Sou neto de italiano por parte de pai e bisneto por parte de mãe. Mas as raízes familiares, se me influenciaram em algo, foi pouco, porque me chegaram bem diluídas.
Mesmo meu pai, que ficou órfão aos 11 anos, só aprendeu a arranhar o idioma porque era empregado de um grande cotonifício cujo proprietário, dirigentes e muitos colegas de trabalho tinham origem italiana.
Então, eu diria que pesaram muito mais na formação da minha personalidade os filmes humanistas e irreverentes que os italianos produziam nas décadas de ouro de1960 e 1970.
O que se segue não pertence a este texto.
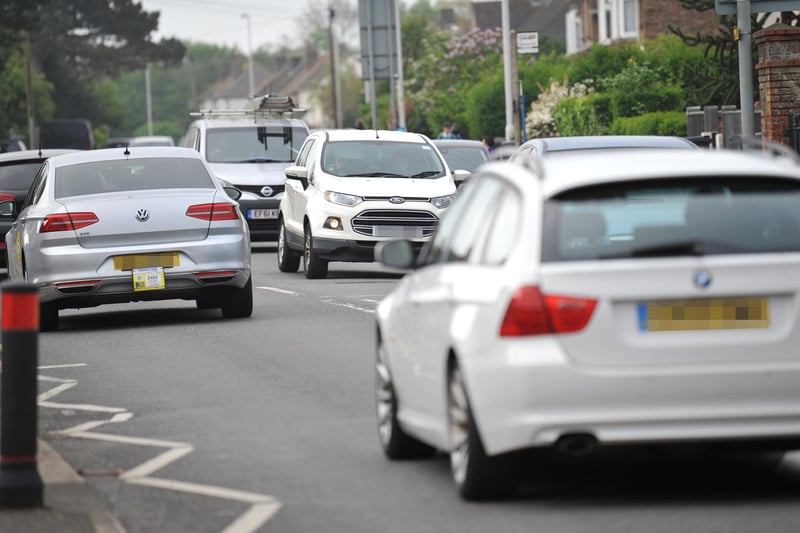 A campaign, led by a Worthing grandmother, is calling for further safety measures on a road in the vicinity of three local schools – to prevent an ‘accident waiting to happen’.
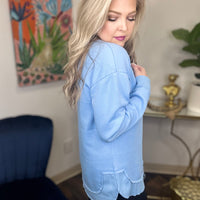 Southern Couture Comfy Round Here Sweatshirt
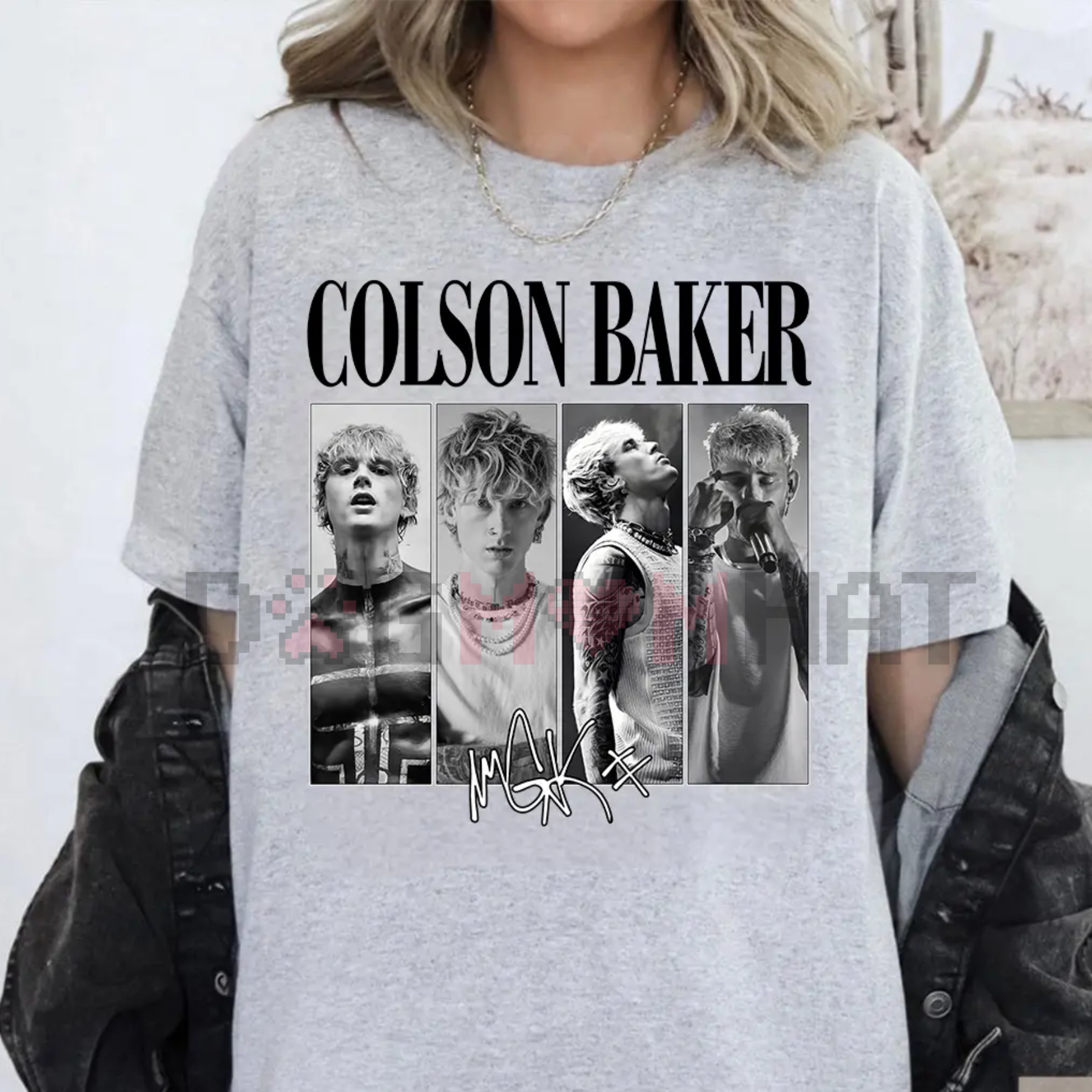 Unisex Rock Music Tee – Vintage Rock Band Graphic Shirt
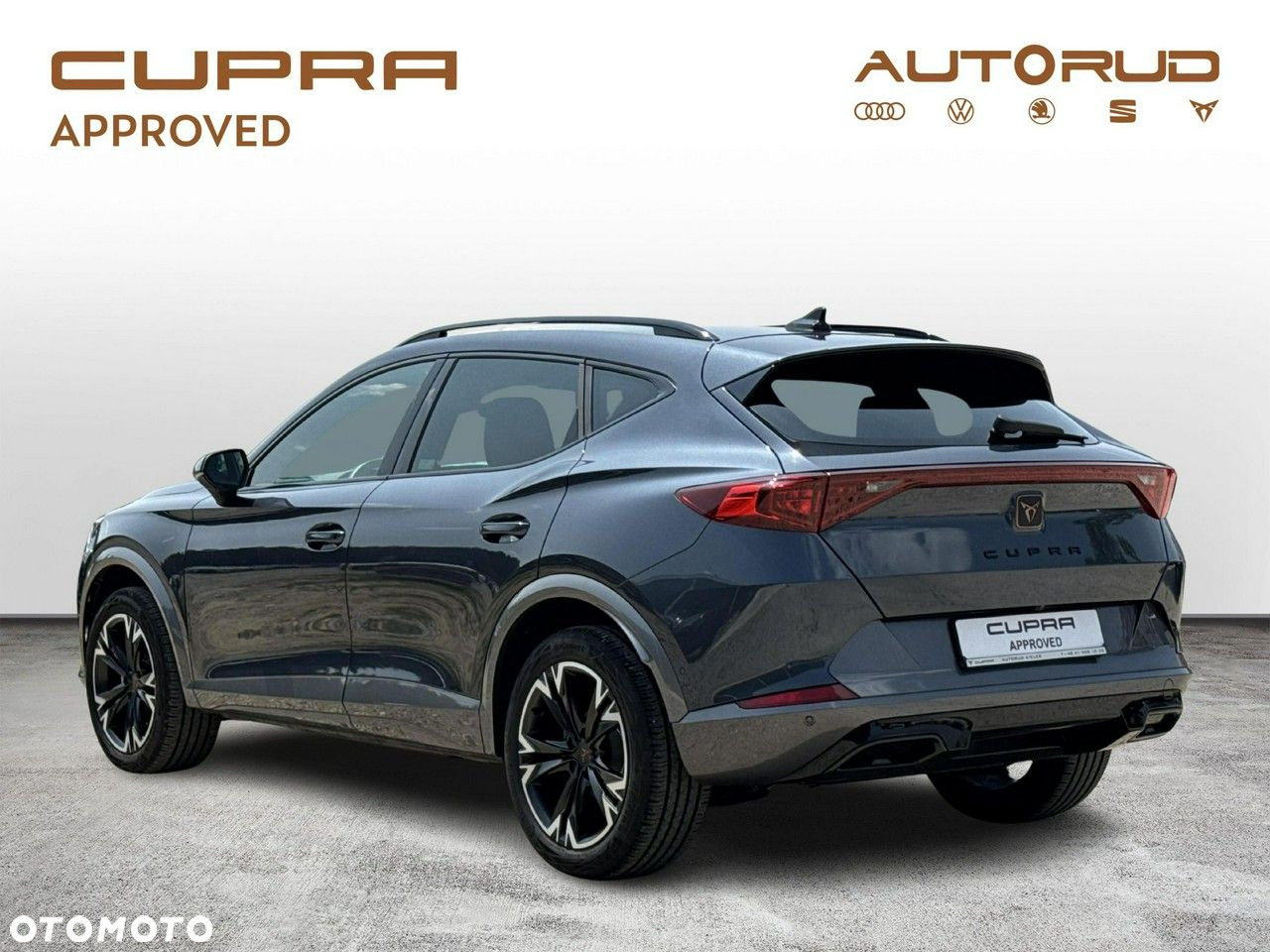 Cupra Formentor 1.5 TSI DSG - 3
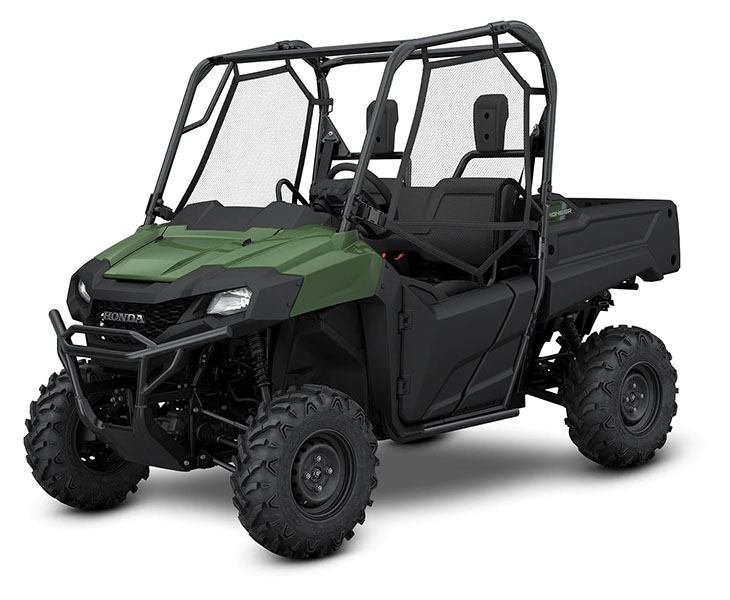 2023 Honda Pioneer 700 in Freeport, Illinois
Assisti a boa parte deles e me senti traído quando, defendendo a liberdade do escritor Cesare Battisti, percebi que a outra face do povo italiano (a prostração infantilizada a homens fortes como Mussolini, Berlusconi e Salvini) atravessava os tempos, sobrevivendo à derrocada fascista na 2ª Guerra Mundial.
Enfim, por temperamento e reações, desde cedo pareço me reger pelo bordão aristotélico a virtude está no meio. A ponto de quem me conhecia apenas pelos textos às vezes estranhar quando constatava que eu pessoalmente me assemelhava mais aos brasileiros cordiais de outrora do que aos estereótipos de revolucionário inflamado.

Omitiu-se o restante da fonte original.